En EE.UU., que el presidente sea de un partido y el Congreso de otro es cualquier cosa, menos excepcional. Lo raro hubiera sido que la oposición sólo controlara la Cámara de Representantes, y no ambos cuerpos legislativos. Pero eso no implica ningún atasco legislativo. Bill Clinton logró superávit presupuestario y un boom económico con un Congreso en manos de una oposición republicana que, literalmente, quería su cabeza.
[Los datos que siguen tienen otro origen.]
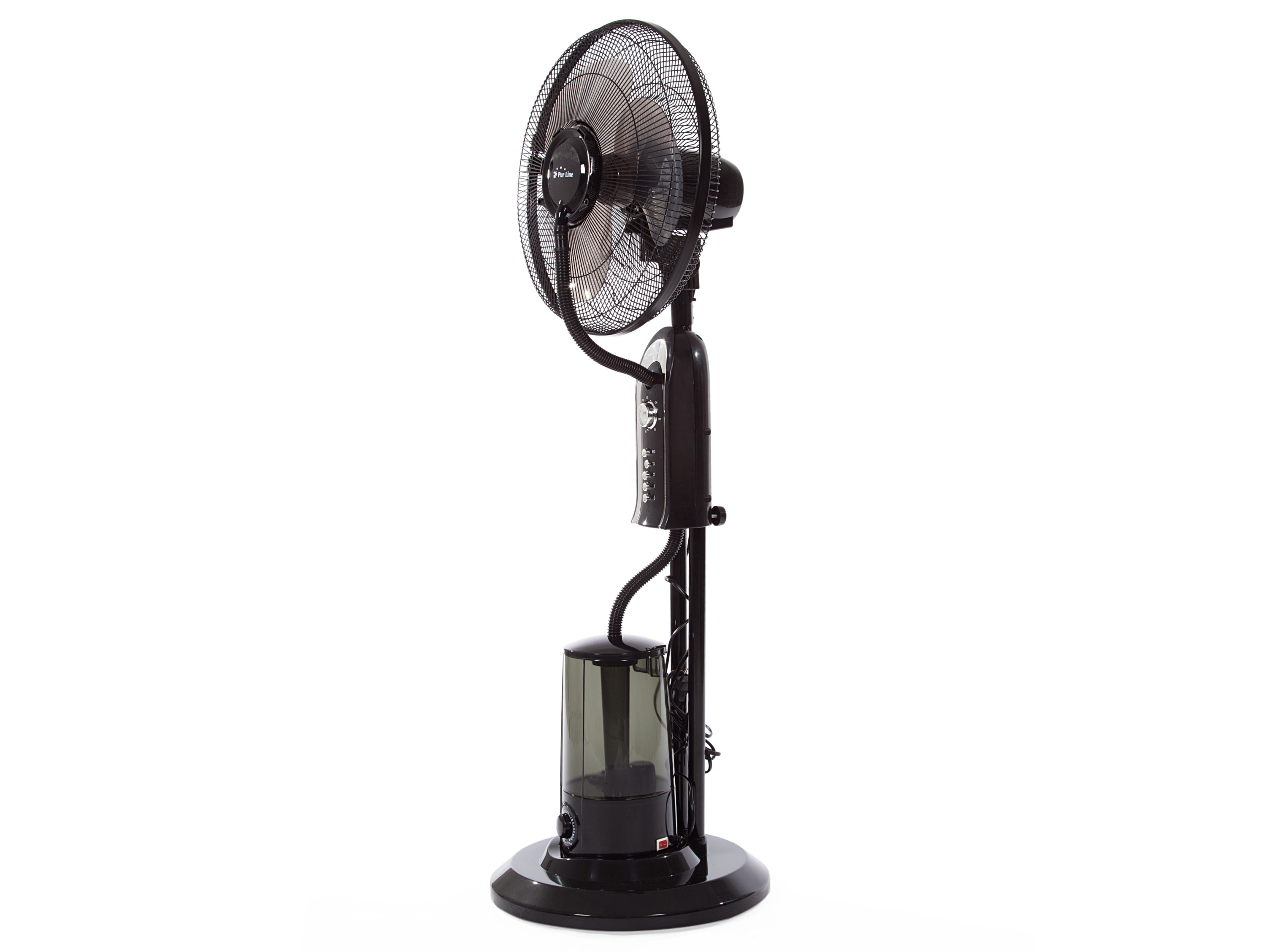 Schwarzer Standventilator mit Vernebelungsfunktion, auf weißem Hintergrund.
Ronald Reagan sentó las bases del nuevo conservadurismo estadounidense pese a tener un Legislativo dominado por una izquierda demócrata que echaba de menos los años de la Gran Sociedad de Lyndon B. Johnson. Richard Nixon consiguió la retirada de Vietnam con la oposición controlando las dos cámaras del Legislativo. Y el demócrata Harry Truman sentó las bases de la estrategia estadounidense para toda la Guerra Fría con los republicanos firmemente atrincherados en el Capitolio, que es el edificio en el que están las dos cámaras del Congreso de EE.UU.
La clave para la colaboración está en que el Congreso se limite a perseguir sus propios objetivos y no trate de jugar a usurpar poderes presidenciales. Eso fue lo que intentaron los republicanos a partir de 1994 y, de hecho, lo único que consiguieron fue reforzar a Clinton. Pero, a veces, un Congreso puede ser hostil a la Casa Blanca incluso aunque esté en manos del partido al que pertenece el presidente. Y quien sabe eso mejor que nadie es George W. Bush.
Desde que en 2004 fue reelegido, el presidente se ha llevado los mayores palos gracias a sus compañeros republicanos en el Capitolio. Además, para aplacar a los congresistas, la Casa Blanca ha dado luz verde a todos los programas de gasto habidos y por haber, lo que a su vez ha generado una enorme corrupción que ha enfurecido a los votantes. Con semejantes amigos en el Capitolio, Bush no ha necesitado enemigos.